EXERCISE OBJECTIVE — Every single entry must be restated word for word.

DATA FOR THE TASK —

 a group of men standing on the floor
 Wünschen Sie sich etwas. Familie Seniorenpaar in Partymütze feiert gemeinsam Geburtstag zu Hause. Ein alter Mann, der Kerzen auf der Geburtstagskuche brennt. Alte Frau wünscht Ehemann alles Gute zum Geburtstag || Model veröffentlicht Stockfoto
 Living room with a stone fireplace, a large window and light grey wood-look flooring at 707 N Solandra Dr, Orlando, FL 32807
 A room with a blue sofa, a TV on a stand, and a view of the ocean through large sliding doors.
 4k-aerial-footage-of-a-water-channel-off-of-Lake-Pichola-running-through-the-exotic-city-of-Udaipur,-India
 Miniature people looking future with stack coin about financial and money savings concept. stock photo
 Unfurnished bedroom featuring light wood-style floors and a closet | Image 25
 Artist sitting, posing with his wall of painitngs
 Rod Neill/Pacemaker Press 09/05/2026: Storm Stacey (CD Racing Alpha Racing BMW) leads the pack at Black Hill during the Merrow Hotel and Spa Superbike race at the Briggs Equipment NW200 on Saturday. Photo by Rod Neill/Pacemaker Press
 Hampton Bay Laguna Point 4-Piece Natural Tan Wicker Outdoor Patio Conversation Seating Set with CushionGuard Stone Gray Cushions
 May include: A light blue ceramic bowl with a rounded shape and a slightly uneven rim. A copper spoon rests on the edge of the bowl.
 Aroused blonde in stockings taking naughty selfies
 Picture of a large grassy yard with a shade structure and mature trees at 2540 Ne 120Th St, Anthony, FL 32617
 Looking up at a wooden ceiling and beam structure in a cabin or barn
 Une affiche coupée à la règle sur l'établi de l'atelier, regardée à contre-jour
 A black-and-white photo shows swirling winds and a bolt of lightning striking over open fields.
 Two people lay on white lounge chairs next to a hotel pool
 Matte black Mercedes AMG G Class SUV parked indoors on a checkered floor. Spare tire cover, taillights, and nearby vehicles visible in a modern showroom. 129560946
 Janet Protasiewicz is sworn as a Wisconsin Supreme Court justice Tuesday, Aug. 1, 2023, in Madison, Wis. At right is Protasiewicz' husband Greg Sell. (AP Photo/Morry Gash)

TASK RESULT —
 a group of men standing on the floor
 Wünschen Sie sich etwas. Familie Seniorenpaar in Partymütze feiert gemeinsam Geburtstag zu Hause. Ein alter Mann, der Kerzen auf der Geburtstagskuche brennt. Alte Frau wünscht Ehemann alles Gute zum Geburtstag || Model veröffentlicht Stockfoto
 Living room with a stone fireplace, a large window and light grey wood-look flooring at 707 N Solandra Dr, Orlando, FL 32807
 A room with a blue sofa, a TV on a stand, and a view of the ocean through large sliding doors.
 4k-aerial-footage-of-a-water-channel-off-of-Lake-Pichola-running-through-the-exotic-city-of-Udaipur,-India
 Miniature people looking future with stack coin about financial and money savings concept. stock photo
 Unfurnished bedroom featuring light wood-style floors and a closet | Image 25
 Artist sitting, posing with his wall of painitngs
 Rod Neill/Pacemaker Press 09/05/2026: Storm Stacey (CD Racing Alpha Racing BMW) leads the pack at Black Hill during the Merrow Hotel and Spa Superbike race at the Briggs Equipment NW200 on Saturday. Photo by Rod Neill/Pacemaker Press
 Hampton Bay Laguna Point 4-Piece Natural Tan Wicker Outdoor Patio Conversation Seating Set with CushionGuard Stone Gray Cushions
 May include: A light blue ceramic bowl with a rounded shape and a slightly uneven rim. A copper spoon rests on the edge of the bowl.
 Aroused blonde in stockings taking naughty selfies
 Picture of a large grassy yard with a shade structure and mature trees at 2540 Ne 120Th St, Anthony, FL 32617
 Looking up at a wooden ceiling and beam structure in a cabin or barn
 Une affiche coupée à la règle sur l'établi de l'atelier, regardée à contre-jour
 A black-and-white photo shows swirling winds and a bolt of lightning striking over open fields.
 Two people lay on white lounge chairs next to a hotel pool
 Matte black Mercedes AMG G Class SUV parked indoors on a checkered floor. Spare tire cover, taillights, and nearby vehicles visible in a modern showroom. 129560946
 Janet Protasiewicz is sworn as a Wisconsin Supreme Court justice Tuesday, Aug. 1, 2023, in Madison, Wis. At right is Protasiewicz' husband Greg Sell. (AP Photo/Morry Gash)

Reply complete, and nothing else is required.